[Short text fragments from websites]
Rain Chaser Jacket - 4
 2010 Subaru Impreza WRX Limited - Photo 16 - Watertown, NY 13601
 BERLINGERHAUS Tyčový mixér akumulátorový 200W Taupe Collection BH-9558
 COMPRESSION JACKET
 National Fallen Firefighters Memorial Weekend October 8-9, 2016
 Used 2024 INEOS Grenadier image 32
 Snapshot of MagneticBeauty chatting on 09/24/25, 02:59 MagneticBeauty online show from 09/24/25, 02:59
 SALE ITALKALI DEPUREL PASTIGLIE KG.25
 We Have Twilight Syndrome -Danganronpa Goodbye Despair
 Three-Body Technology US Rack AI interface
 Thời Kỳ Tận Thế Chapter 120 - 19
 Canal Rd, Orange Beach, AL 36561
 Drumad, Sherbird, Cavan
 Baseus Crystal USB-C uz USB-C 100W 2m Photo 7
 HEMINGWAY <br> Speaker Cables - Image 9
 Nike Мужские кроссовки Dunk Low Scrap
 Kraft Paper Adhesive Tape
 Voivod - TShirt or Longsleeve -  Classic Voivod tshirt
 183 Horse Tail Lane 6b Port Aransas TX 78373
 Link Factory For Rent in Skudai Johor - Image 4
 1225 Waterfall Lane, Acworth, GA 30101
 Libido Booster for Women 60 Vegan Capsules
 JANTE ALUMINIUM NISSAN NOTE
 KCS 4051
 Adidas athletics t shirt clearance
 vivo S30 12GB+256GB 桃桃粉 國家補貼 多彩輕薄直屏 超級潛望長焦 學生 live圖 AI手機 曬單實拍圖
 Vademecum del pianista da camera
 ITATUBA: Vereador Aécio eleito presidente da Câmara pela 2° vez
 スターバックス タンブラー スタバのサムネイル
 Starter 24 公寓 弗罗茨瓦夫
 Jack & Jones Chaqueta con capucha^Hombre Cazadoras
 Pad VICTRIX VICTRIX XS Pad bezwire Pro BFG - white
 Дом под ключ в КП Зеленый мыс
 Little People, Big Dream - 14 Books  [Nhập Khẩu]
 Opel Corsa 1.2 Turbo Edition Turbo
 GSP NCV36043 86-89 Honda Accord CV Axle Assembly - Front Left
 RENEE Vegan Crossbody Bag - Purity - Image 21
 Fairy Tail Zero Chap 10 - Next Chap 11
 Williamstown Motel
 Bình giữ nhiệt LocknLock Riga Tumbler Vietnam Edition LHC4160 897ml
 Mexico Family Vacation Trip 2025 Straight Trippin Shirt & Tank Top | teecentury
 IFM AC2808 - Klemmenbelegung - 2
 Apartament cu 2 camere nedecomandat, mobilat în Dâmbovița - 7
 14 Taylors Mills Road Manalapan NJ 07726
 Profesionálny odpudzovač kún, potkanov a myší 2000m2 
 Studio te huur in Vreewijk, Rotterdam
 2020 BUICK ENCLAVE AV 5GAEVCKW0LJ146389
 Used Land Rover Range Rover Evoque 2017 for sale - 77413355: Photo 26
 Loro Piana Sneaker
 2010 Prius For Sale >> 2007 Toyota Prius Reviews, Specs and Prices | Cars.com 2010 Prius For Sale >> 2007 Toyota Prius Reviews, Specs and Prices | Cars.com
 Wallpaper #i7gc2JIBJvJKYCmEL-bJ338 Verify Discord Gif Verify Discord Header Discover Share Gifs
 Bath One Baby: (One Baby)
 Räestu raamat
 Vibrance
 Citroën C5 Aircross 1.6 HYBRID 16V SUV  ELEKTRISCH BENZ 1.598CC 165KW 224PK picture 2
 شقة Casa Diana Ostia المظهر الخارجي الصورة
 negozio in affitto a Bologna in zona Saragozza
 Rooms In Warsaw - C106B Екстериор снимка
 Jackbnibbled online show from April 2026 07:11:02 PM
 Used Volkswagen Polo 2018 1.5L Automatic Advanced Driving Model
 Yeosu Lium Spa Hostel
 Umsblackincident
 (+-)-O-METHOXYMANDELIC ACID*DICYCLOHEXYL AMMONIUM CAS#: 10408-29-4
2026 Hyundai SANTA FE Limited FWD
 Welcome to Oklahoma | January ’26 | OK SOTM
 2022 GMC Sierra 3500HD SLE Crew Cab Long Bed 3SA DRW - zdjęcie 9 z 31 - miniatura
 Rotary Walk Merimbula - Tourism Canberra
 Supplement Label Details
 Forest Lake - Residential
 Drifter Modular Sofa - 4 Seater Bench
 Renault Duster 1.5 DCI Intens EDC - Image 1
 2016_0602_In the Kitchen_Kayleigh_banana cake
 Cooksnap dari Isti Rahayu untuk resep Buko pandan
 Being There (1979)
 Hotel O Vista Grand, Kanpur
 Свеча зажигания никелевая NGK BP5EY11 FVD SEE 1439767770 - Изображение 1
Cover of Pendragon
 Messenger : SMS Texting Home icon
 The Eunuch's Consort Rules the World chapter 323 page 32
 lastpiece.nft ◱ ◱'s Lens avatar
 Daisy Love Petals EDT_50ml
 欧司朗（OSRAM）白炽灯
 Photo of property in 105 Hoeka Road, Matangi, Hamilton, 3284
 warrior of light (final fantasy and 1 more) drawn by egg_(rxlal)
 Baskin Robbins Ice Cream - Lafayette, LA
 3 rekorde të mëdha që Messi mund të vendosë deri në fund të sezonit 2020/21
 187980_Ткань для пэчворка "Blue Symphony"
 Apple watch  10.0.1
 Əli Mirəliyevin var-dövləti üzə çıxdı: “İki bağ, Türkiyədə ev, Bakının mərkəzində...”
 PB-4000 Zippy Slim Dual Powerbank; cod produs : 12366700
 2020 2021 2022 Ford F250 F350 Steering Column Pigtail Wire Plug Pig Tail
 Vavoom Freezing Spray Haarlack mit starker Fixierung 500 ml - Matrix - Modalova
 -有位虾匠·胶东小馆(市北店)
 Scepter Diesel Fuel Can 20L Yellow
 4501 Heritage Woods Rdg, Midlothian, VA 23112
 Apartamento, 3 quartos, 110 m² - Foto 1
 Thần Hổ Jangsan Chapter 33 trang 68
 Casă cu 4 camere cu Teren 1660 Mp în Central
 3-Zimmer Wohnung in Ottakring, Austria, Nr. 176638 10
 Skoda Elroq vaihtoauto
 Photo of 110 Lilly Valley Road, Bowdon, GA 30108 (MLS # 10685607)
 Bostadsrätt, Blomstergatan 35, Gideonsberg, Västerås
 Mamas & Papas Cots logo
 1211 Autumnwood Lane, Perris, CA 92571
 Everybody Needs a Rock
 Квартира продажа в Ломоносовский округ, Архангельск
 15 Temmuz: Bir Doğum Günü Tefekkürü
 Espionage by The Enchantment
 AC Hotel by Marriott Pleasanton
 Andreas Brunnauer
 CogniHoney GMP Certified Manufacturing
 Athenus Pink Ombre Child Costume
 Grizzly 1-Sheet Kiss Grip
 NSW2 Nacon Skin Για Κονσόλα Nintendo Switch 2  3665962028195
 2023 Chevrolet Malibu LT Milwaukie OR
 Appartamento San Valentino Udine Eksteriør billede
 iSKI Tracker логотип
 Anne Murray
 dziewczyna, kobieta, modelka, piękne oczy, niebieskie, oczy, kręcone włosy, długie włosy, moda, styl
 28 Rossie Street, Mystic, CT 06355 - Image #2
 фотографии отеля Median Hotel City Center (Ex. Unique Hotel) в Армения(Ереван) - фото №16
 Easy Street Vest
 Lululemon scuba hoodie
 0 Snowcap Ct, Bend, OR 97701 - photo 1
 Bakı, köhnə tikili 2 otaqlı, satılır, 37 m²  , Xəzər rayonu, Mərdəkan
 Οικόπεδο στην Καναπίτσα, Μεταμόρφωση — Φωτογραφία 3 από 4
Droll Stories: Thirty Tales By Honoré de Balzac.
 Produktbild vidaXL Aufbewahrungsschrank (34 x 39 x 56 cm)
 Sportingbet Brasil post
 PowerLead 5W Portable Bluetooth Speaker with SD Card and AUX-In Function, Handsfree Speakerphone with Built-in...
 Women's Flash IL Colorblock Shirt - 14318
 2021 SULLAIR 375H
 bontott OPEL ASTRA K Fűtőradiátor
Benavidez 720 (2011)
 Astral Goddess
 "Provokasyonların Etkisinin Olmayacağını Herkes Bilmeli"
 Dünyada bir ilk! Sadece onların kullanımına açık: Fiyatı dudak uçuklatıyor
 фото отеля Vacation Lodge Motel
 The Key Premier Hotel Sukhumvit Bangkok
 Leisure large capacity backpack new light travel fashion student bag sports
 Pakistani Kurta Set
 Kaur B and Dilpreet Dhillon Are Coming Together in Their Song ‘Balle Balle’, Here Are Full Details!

Task instructions
An exact copy of the lines above, from the one containing "187980_Ткань для пэчворка" through the one containing "-有位虾匠·胶东小馆(市北店)", is the whole of the answer.

Output
 187980_Ткань для пэчворка "Blue Symphony"
 Apple watch  10.0.1
 Əli Mirəliyevin var-dövləti üzə çıxdı: “İki bağ, Türkiyədə ev, Bakının mərkəzində...”
 PB-4000 Zippy Slim Dual Powerbank; cod produs : 12366700
 2020 2021 2022 Ford F250 F350 Steering Column Pigtail Wire Plug Pig Tail
 Vavoom Freezing Spray Haarlack mit starker Fixierung 500 ml - Matrix - Modalova
 -有位虾匠·胶东小馆(市北店)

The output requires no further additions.